But shifts in industries
and the economy are not the only things auguring bankruptcy these days. Because
of changes in regulations, Mr. Ridings said, almost every major nursing-home
company in the country is bankrupt, and the health-care industry is generally
in a shambles. His group recently helped restructure one of the largest, Sun
Healthcare Group Inc., in a $2 billion deal.
At principal investor
Joseph, Littlejohn & Levy, meanwhile, Paul Levy, a onetime co-head of
Drexel’s work-out group who appears in Connie Bruck’s The Predators’ Ball , has just acquired, with a partner, the
health-care company AdvancePCS, for about $1 billion. They have also acquired New
World Pasta, maker of the Ronzoni brand, for $140 million.
But of course, as long as
there is debt, there will be work-outs.
“Capital markets are
stupid,” said Mr. Ridings. “We make a living because of the herd mentality on
Wall Street. Because of the excesses of the capital markets. Because they do
things they shouldn’t do.”
Predators No More
At Drexel, the people in
the work-out group were not the ones pulling up to the Predators’ Ball at the
Beverly Hilton in white limos. They weren’t the ones drinking champagne with
Diana Ross in Don Engel’s notorious Bungalow 8. They were behind the scenes,
plugging leaks, “paying debt (by) issuing more debt,” as Mr. Nevins put it.
“We put the grease on the
wheels,” said David Ying, Mr. Levy’s partner at J.L.L. and once a co-head of
the Drexel group as well.
The most common form of
grease was the exchange offer-an out-of-court settlement that involved swapping
distressed bonds for stock. Drexel started the practice as a service to their
clients and bond-holders. It later became a profitable business unto itself,
drawing, like M.&A., large fees for advisory work and percentages. Exchange
offers were far quicker than bankruptcy proceedings (Drexel managed to snatch
business from and deeply annoy the legal community, among its many enemies) and
more lucrative. They were also ephemeral.
“We didn’t fix the
companies,” Mr. Ridings said. “We just put Band-Aids on them. All the parties,
particularly the creditors, didn’t want to deal with the problem.”
Mr. Ridings said that
Drexel often “put too much debt” on companies, particularly when it was funding
leveraged buyouts. “We didn’t have a margin of safety. So as soon as they had a
hiccup, they ran into problems.”
Richard Nevins and Joseph
Radecki agreed. Debt was often issued “knowing there would be problems,” Mr.
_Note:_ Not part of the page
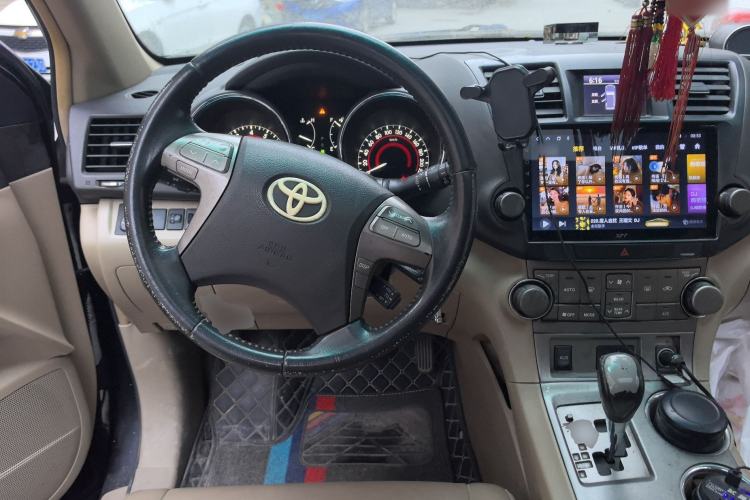 Used Toyota Highlander 2009 2.7L Two-Wheel Drive 7-Seater Luxury Edition Steering Wheel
Radecki said. Drexel’s restructuring department was often just “kicking [the
problem] down the road,” said Mr. Nevins. Issuers were “paying debt by issuing
more debt.”
Paul Levy conceded that, by urging such solutions as
exchange offers, Drexel did not always properly mend its clients. “It is a fair
generalization that a company is more completely fixed in a bankruptcy than out
of a bankruptcy.” But he added that bankruptcies are “long, slow and tedious,”
and that Drexel’s exchange offers happened quickly enough to keep a company’s
business from languishing as it went through bankruptcy proceedings.
However myopic or
greed-driven its practices were, Drexel’s influence laid the groundwork for
today’s restructuring market, which is much larger but also more stable than
that of the 1980’s.
After Drexel and the junk-bond market collapsed in 1991, a
certain sobriety descended on the business. Mr. Milken’s absence left a vacuum
at the center of the leveraged-debt market. The sharks couldn’t hold their
highly leveraged empires together without him. And a collective realization
that leveraged debt could not be plied as flagrantly as it had been by the
Henry Kravises and Ron Perelmans seemed to affect Wall Street. Buy-outs and M.&A.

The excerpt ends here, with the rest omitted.